TASK DETAILS ::
Transcribe exactly, and without pictures, only the lines from the one bearing "talerzyk czekoladek i" through the final line of the data below.

DATASET ENTRIES ::
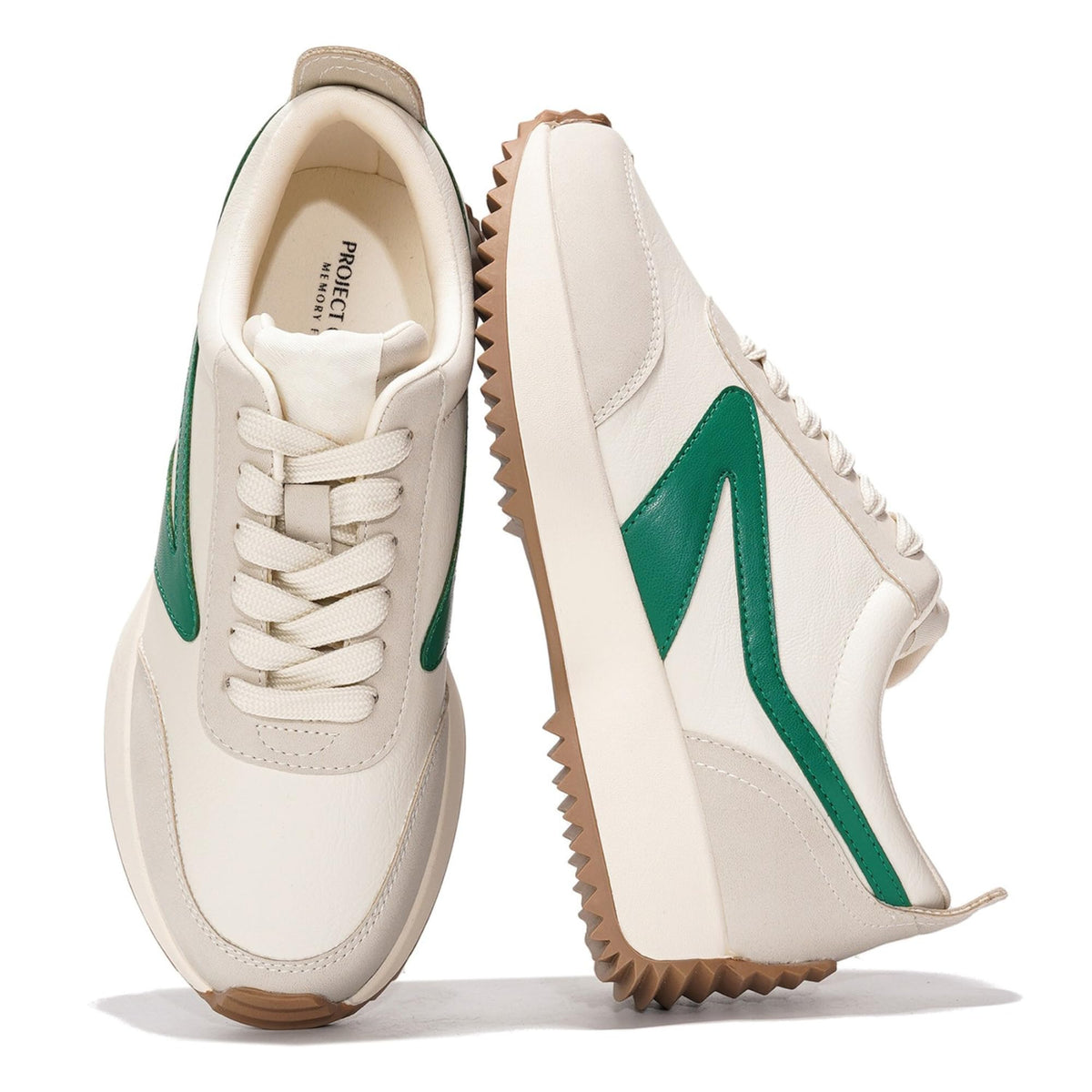 Cream womens lace-up sneakers with green side panels and chunky tread sole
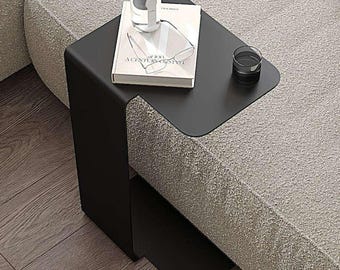 May include: A black side table with a curved design sits on a light gray couch. A book titled "Talisman of the Century" and a glass of water are on the table.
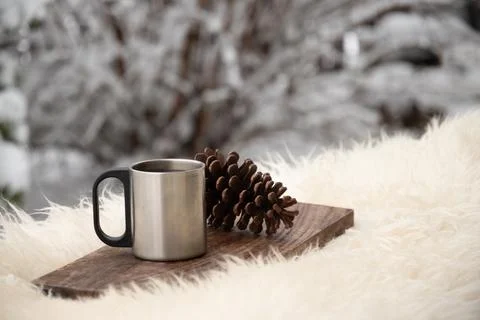 Metal mug and pine cone on wooden board outdoors Stock Photos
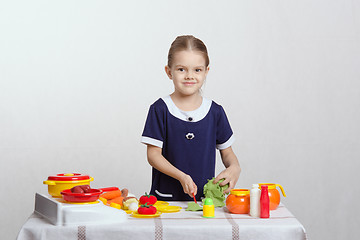 Image showing Little girl preparing food in the kitchen
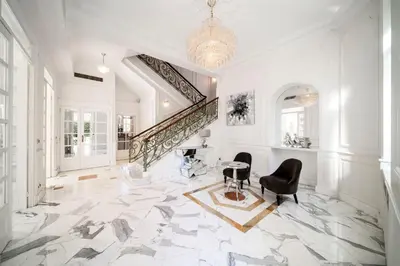a large white room with a staircase and chairs at REF 1981 - Cannes Center - Particular town house for rent in Cannes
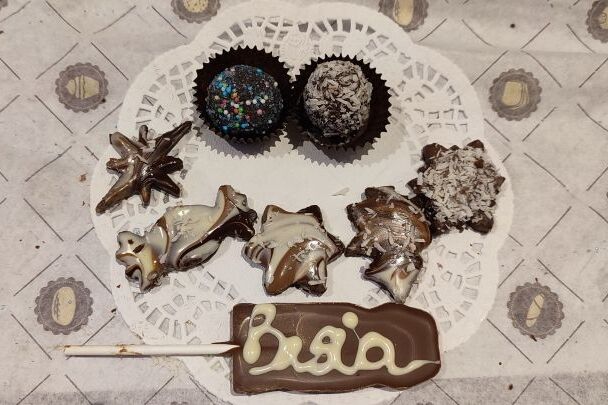 talerzyk czekoladek i pralin w posypce kokosowej, czekoladowy lizak Mikołaja z napisem wykonanym biała czekolada Basia.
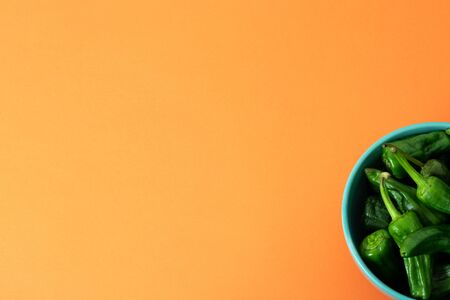 Plate with Padron peppers on orange background. Copy space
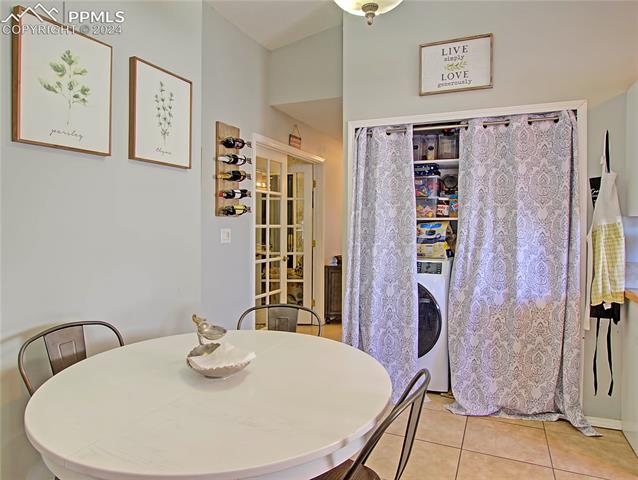 6335 Bismark Road Colorado Springs, CO 80922 - Photo 5 of 21 Tiled dining space with washer / clothes dryer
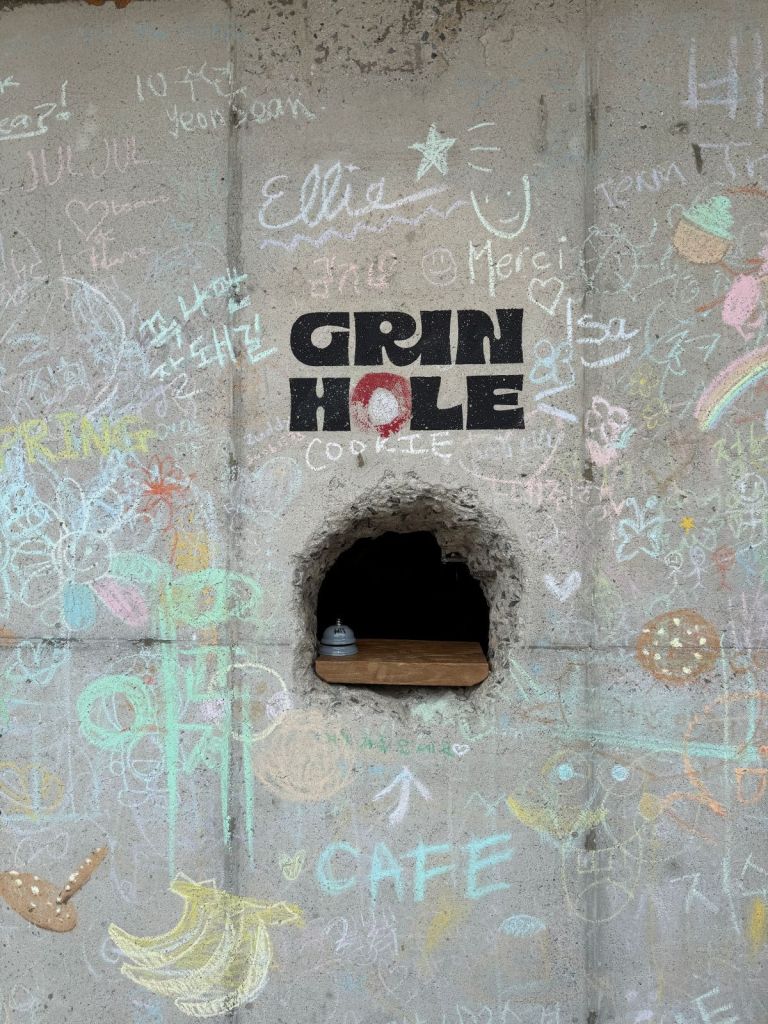 A close-up shot of the unique interactive hole in the wall designed for ordering premium desserts at Green Hole.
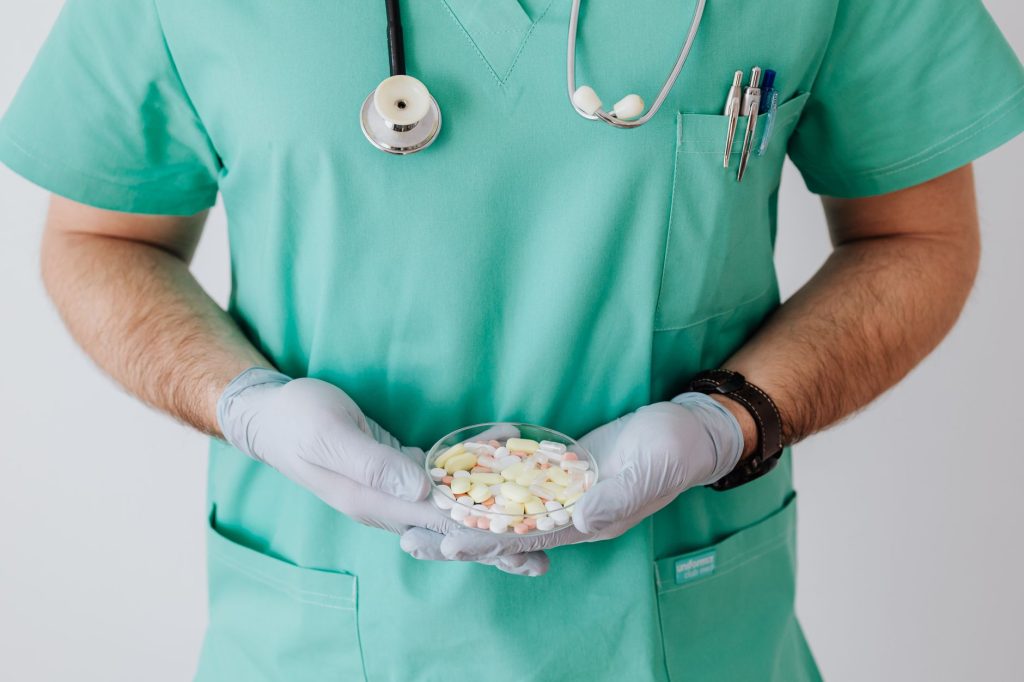 Unrecognizable male doctor wearing medical uniform and latex gloves holding Petri dish filled with assorted drugs while stand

ANSWER FOR THIS EXERCISE ::
 talerzyk czekoladek i pralin w posypce kokosowej, czekoladowy lizak Mikołaja z napisem wykonanym biała czekolada Basia.
 Plate with Padron peppers on orange background. Copy space
 6335 Bismark Road Colorado Springs, CO 80922 - Photo 5 of 21 Tiled dining space with washer / clothes dryer
 A close-up shot of the unique interactive hole in the wall designed for ordering premium desserts at Green Hole.
 Unrecognizable male doctor wearing medical uniform and latex gloves holding Petri dish filled with assorted drugs while stand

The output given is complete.